AVAILABLE DATA

================================

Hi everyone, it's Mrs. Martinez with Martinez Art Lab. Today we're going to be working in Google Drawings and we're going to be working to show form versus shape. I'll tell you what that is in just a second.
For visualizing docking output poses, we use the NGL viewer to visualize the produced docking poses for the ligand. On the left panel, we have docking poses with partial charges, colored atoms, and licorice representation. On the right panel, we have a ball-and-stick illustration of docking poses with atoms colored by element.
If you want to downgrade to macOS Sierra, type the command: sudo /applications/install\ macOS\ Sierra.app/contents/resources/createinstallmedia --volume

================================

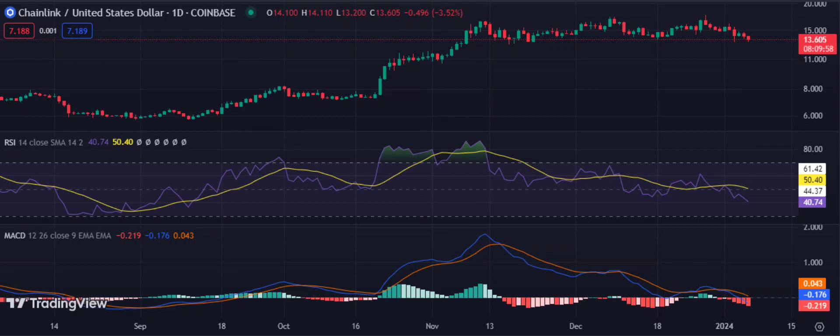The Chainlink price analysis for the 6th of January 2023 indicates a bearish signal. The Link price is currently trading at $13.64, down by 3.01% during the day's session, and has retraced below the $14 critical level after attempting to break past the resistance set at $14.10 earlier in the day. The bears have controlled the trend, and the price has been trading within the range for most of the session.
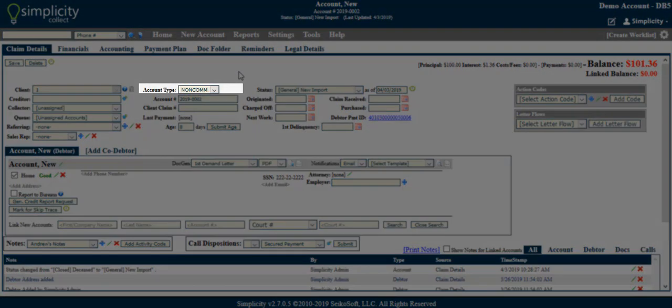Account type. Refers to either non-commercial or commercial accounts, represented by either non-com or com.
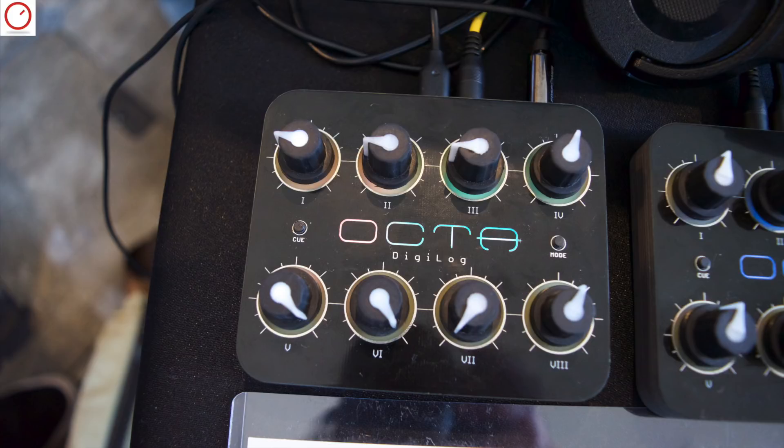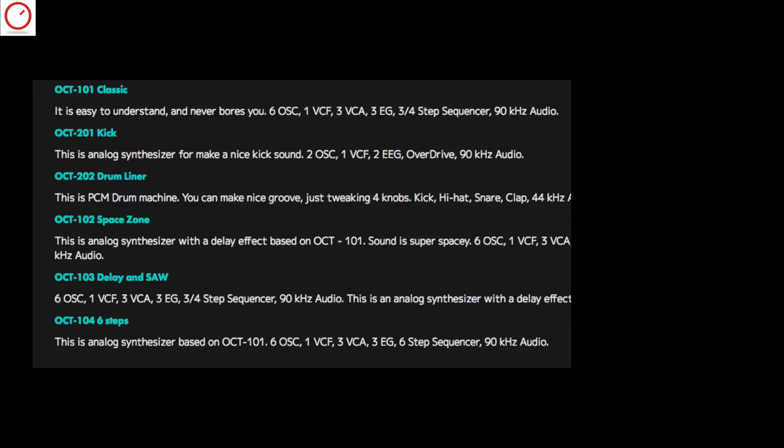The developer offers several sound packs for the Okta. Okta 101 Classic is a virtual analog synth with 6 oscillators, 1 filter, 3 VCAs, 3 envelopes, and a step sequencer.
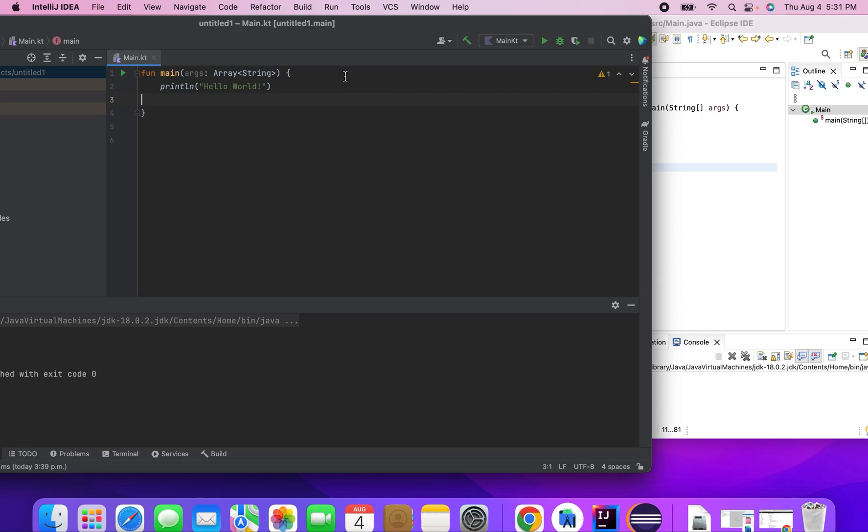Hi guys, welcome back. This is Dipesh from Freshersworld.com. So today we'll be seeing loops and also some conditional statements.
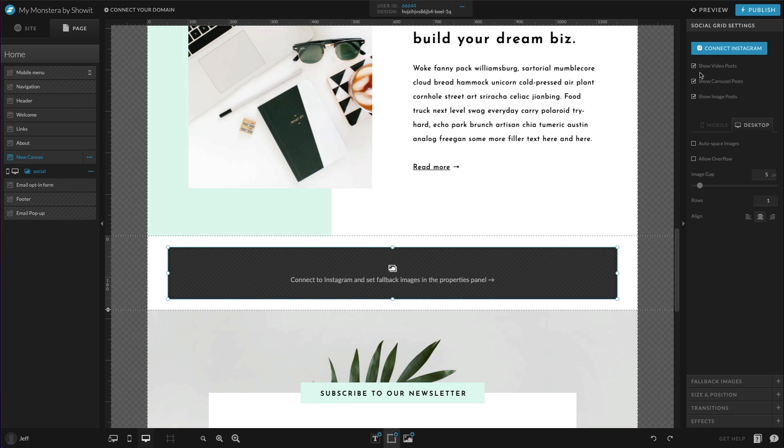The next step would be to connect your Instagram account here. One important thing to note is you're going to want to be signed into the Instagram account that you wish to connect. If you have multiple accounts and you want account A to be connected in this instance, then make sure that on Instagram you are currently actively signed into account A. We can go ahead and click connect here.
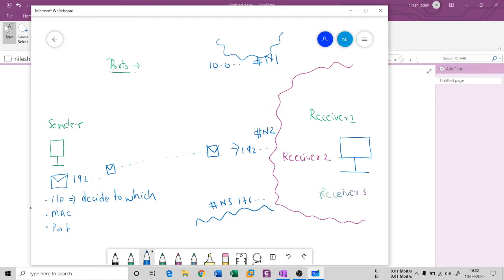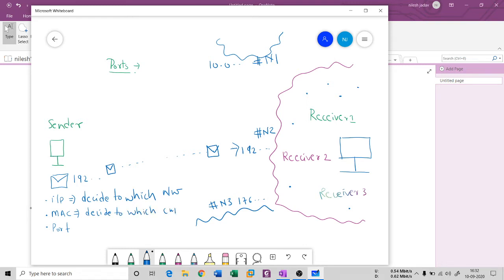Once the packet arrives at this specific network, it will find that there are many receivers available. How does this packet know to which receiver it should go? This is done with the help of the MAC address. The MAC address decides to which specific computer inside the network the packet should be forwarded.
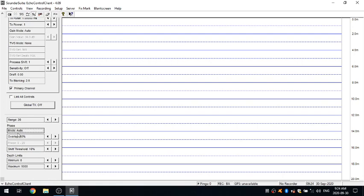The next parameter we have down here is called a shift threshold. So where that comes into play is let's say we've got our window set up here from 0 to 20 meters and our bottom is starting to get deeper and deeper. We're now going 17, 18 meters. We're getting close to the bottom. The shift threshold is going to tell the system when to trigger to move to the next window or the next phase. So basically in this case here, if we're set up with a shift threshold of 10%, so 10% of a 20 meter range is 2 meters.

================================

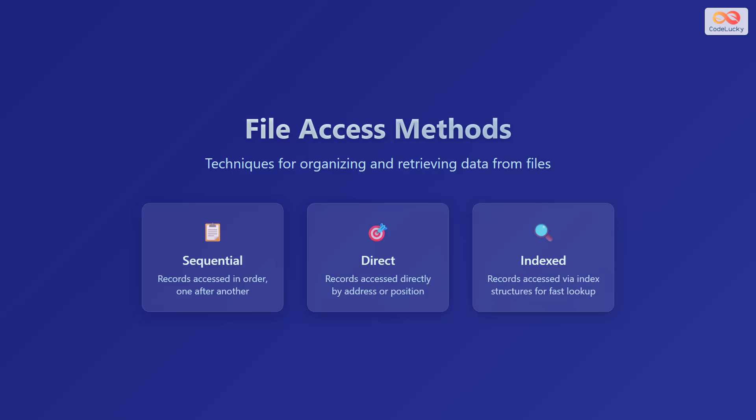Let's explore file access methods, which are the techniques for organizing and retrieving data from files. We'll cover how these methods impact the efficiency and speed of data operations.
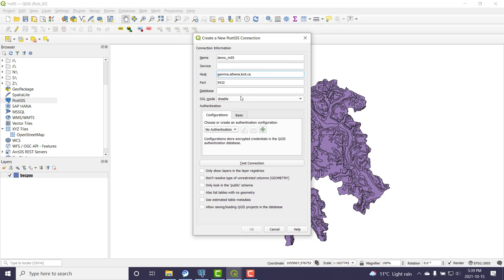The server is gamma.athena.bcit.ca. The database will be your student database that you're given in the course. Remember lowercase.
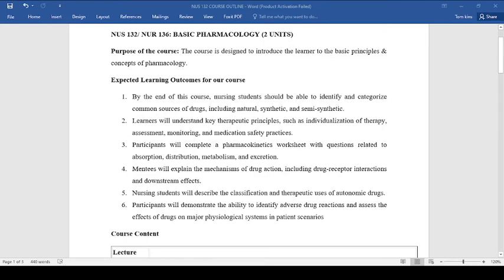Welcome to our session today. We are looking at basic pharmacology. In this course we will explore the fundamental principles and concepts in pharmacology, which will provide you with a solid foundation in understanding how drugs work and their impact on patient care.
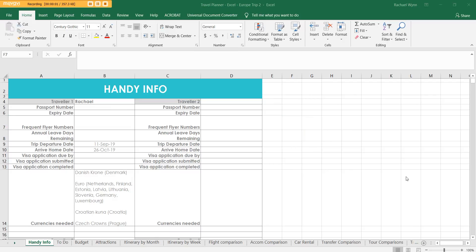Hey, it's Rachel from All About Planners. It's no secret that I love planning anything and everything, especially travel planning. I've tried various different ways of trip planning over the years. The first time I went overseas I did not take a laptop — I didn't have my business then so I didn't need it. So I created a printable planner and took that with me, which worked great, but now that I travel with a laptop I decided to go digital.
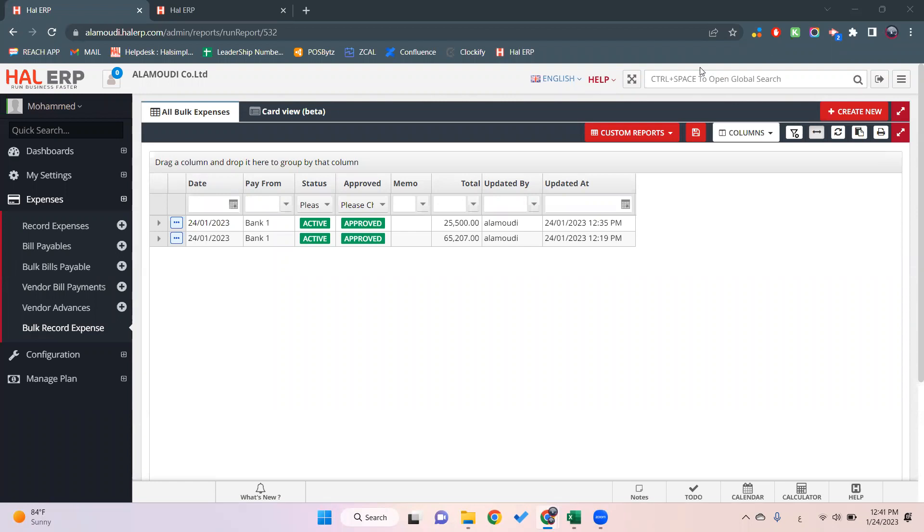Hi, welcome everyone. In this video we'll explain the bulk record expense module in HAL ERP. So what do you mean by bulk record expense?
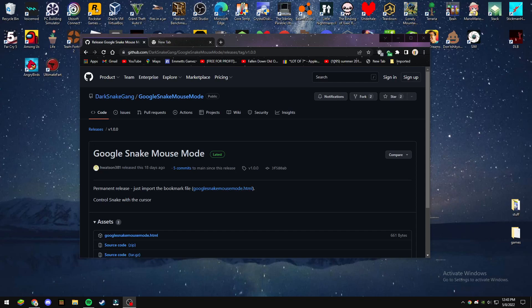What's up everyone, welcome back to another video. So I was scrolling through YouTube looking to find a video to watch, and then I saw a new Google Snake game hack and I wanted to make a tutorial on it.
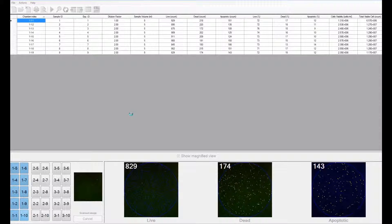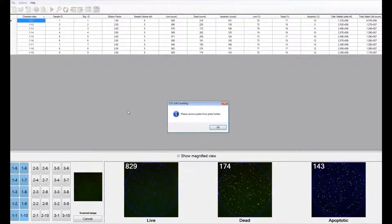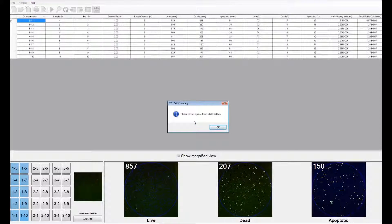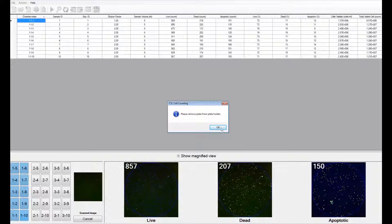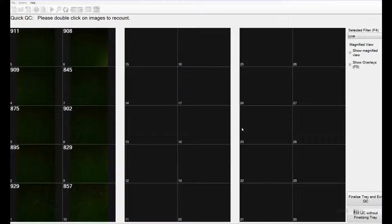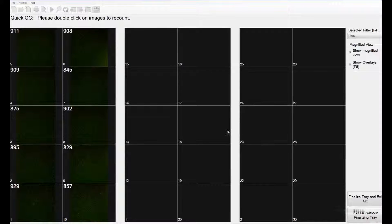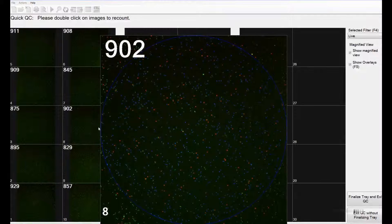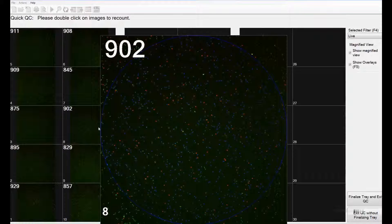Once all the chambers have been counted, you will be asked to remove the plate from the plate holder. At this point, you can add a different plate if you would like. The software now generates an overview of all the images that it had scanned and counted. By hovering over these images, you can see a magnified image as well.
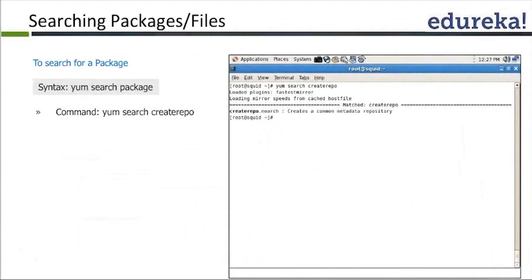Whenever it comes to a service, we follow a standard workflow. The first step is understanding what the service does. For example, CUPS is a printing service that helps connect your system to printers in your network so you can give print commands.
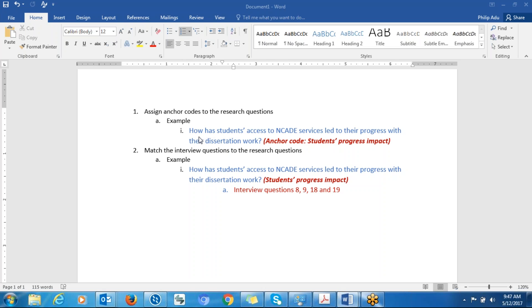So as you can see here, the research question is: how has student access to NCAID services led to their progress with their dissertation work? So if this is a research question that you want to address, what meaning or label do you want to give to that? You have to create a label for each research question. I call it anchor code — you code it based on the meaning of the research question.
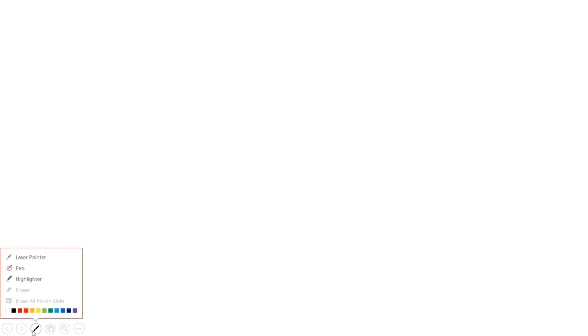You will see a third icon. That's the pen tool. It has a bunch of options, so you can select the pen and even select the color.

================================

TASK DETAILS
Range to copy from the listing above: the line with "Account type. Refers" through the line with "Hi guys, welcome". Transcribe it exactly and skip the pictures.

OUTPUT FOR THIS TASK
Account type. Refers to either non-commercial or commercial accounts, represented by either non-com or com.
The developer offers several sound packs for the Okta. Okta 101 Classic is a virtual analog synth with 6 oscillators, 1 filter, 3 VCAs, 3 envelopes, and a step sequencer.
Hi guys, welcome back. This is Dipesh from Freshersworld.com. So today we'll be seeing loops and also some conditional statements.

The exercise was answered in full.